Research presented recently at the annual meeting of the Society for Integrative and Comparative Biology suggests that when lashes are longer, they actually funnel air to the eye’s surface, and that can make them vulnerable to dryness and dirt.
Check out this article by TODAY Health which goes over the facts about lash extension VS Dry eye:
The optimal lash length for protection? One-third the width of the eyes, the researchers discovered.
They first measured eyelash lengths in the animal kingdom and soon came up with an intriguing result. No matter whether it was a giraffe or a hedgehog, the length of the eyelashes was always one-third the width of the eyes.
To better understand this specialized ratio, they constructed a model eye with different lash lengths that they could subject to breezes in a wind tunnel.
Lashes with the typical one-third ratio tended to protect the eye from drying and dirt by creating a zone of stagnant, or still, air just in front of the eye. With longer lashes, no stagnant zone resulted.
In fact, the longer lashes seemed to have the opposite effect, channeling airflow directly onto the eye.
With the longer lashes, the artificial eye surface was hit by more particles and also tended to dry out more because the direct flow of air led to evaporation.

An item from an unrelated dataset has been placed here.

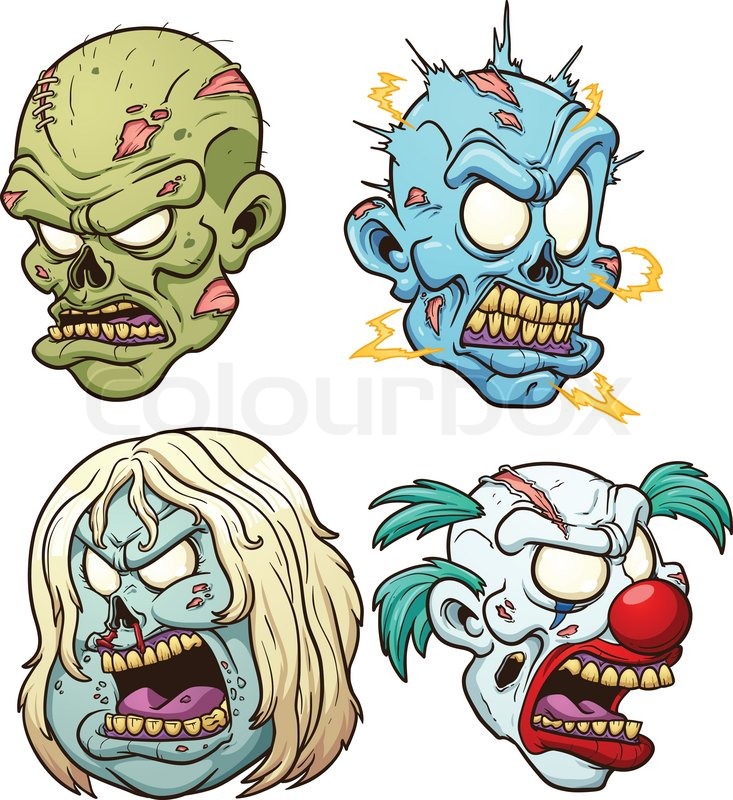 733x800 Cartoon Zombie Heads. Vector Clip Art Illustration With Simple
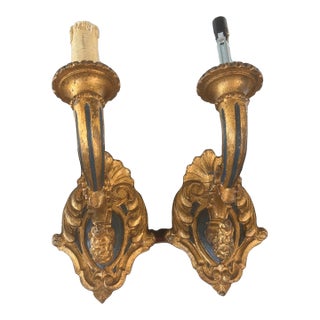 Vintage Italian Renaissance Style,carved , Painted ,Gilded Sconces - Pair For Sale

Whether this effect actually occurs in women with extensions is something that could easily be tested, Amador said. If extensions actually cause the eye to dry out more, you would notice more blinking.
Dr. Deepinder Dhaliwal says she sees plenty of cases of dry eye in the many patients who lengthen eyelashes with mascara, as well as in those who use extensions.
“Dry eye is multifactorial, but I think this could be a contributing factor,” said Dhaliwal, an associate professor of ophthalmology at the University of Pittsburgh School of Medicine. “We know that having increased airflow around the eyes negatively impacts patients.
“This is a very interesting study because it talks about optimal eyelash length and shows that beyond that, the eye actually has more airflow onto the eyeball, and possibly along with that contact with dust or other particles.”
While dry eye could be an issue, that’s not the worst fallout from eyelash extensions, said Dr. Rosalind Vo, a corneal surgeon at the Stein Eye Institute at the University of California, Los Angeles.
One of the biggest problems is the glue used to stick them to the eyelids, Vo said. “It has high levels of formaldehyde and benzoic acid, both of which are harmful to the cornea,”
she added. “On top of that, as the eyelashes grow out, the extensions tend to point towards the cornea and you can get corneal abrasions.”